As the columns continued, so did the friendship. Readers of Lopez’s columns started sending letters, money, and even gifts –including musical instruments –so moved were they by Ayers’ story. Lopez became well-acquainted with
LAMP, a non-profit advocacy group for the homeless based in Los Angeles, and became ever better-versed in his knowledge of local bureaucracy and the politicking that occurs on various government levels, keeping people like Nathaniel Ayers with little hope for proper care and treatment.
The Soloist, Lopez’s book, details his columns on Mr. Ayers, and his immersion into the world of the mental health system and its treatment of the homelessness. He was understandably weary when he was approached to turn his series of columns into a feature film, feeling not enough attention or focus would be placed upon Ayers and the mental illness he and thousands like him live with on a daily basis.
“I was concerned with what kind of an impact (making a film) on Nathaniel,” he says. “I wanted to protect him.” Lopez hired an agent who weeded through the waterfall of requests that poured in from documentarians, screenwriters, producers, and studios, and eventually forwarded a suitable request.
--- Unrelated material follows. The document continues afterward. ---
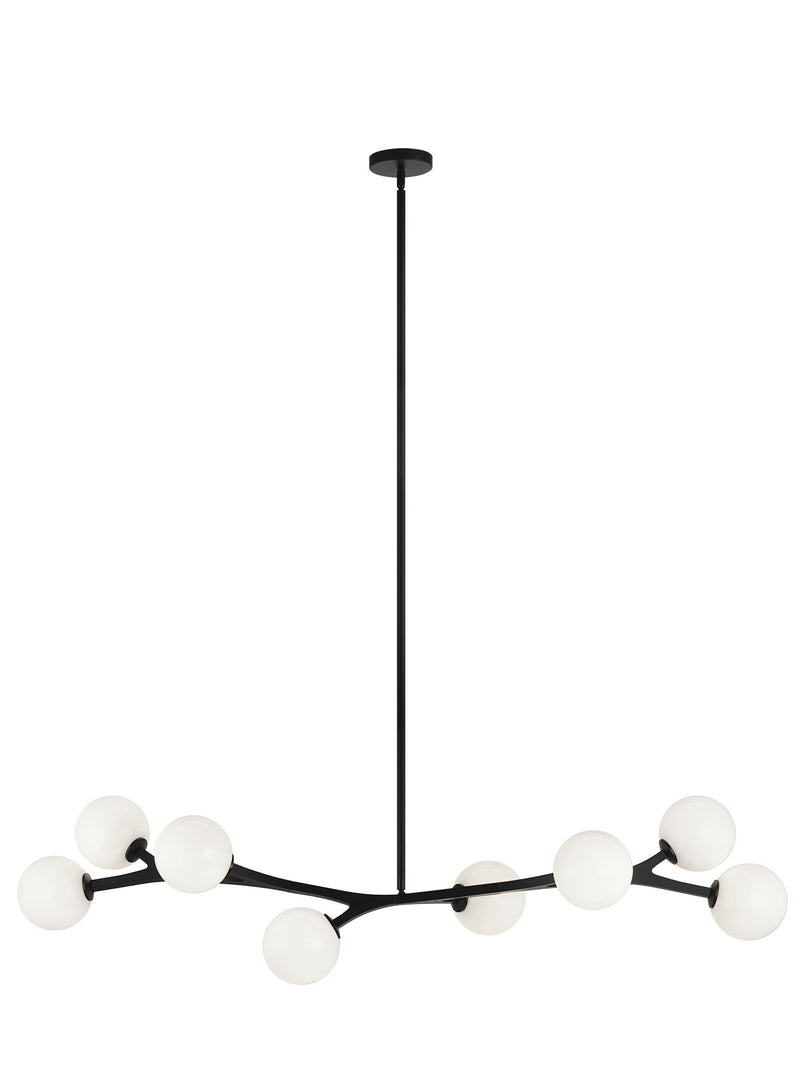 Rami 55" 8-Light Linear Chandelier in Black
It was important that the film “be sensitive to the issues of concern, and would make a quality movie that would help spread the message of the columns and the book.” What’s the message? “To humanize Nathaniel, and to humanize the thousands like him. To help de-stigmatize people with mental illness.”
The producers of
The Soloist met with Lopez and toured Skid Row, and, he says, “had their hearts in the right place.” As promised, the film is really about “a couple of buddies in an evolving situation that impacted both of us –not just me, but what (Ayers) has done for me. This is a man whose career went off a cliff thirty years ago. This is his resurrection, recognizing that promising talent, his moment in the sun.” In the filmed version,
Atonement director
Joe Wright leads an impressive cast that includes
Robert Downey Jr. as the journalist (“What a come down, to go from
Ironman to newspaperman,” Lopez wryly notes) and
Jamie Foxx puts his own
musical talent to good use as Mr. Ayers. The film is a compassionate portrayal of a friendship between two very different, yet remarkably similar men, driven by passion and beset by personal doubt.
Ayers isn’t interested in the movie –his schizophrenia prevents him from watching films or television. “He doesn’t trust two-dimensional images,” Lopez explains, but adds that his friend appreciates what the film, and the book and columns before, have done in raising awareness. As well as getting into Ayers into permanent housing –a Herculean feat in and of itself –Lopez’s other intention was to raise the issue of the relationship between homelessness and mental illness, and to demand better care for those living with the stigmas around them.
“The story by me and by my colleagues, who began focusing on Skid Row, put it back on the map,” he says. “It became a story
City Hall could no longer ignore. It became something the LA County Board of supervisors began to talk about. It’s been put back on the map. It’s not as if we don’t know what works. What worked in Nathaniel’s case was to have outreach, an agency that could send people into the streets to establish relationships. These agencies exist but there are far too few for them for the number of people who wander the streets.”
Ayers now lives in permanent supportive housing, but “it took a year to talk him into it.” It’s in the residence that he receives safe shelter, healthcare, and the kind of support only a long-term facility can provide. “It’s expensive to do but cheaper in the long run,” Lopez says. “We don’t have to arrest (the homeless), put them through the courts, or in hospitals, in LA county jails. There are hundreds, if not thousands, with mental illness, who need permanent, supportive housing. (There are) a lot more who’ve found that since Nathaniel’s story but we have a long way to go.”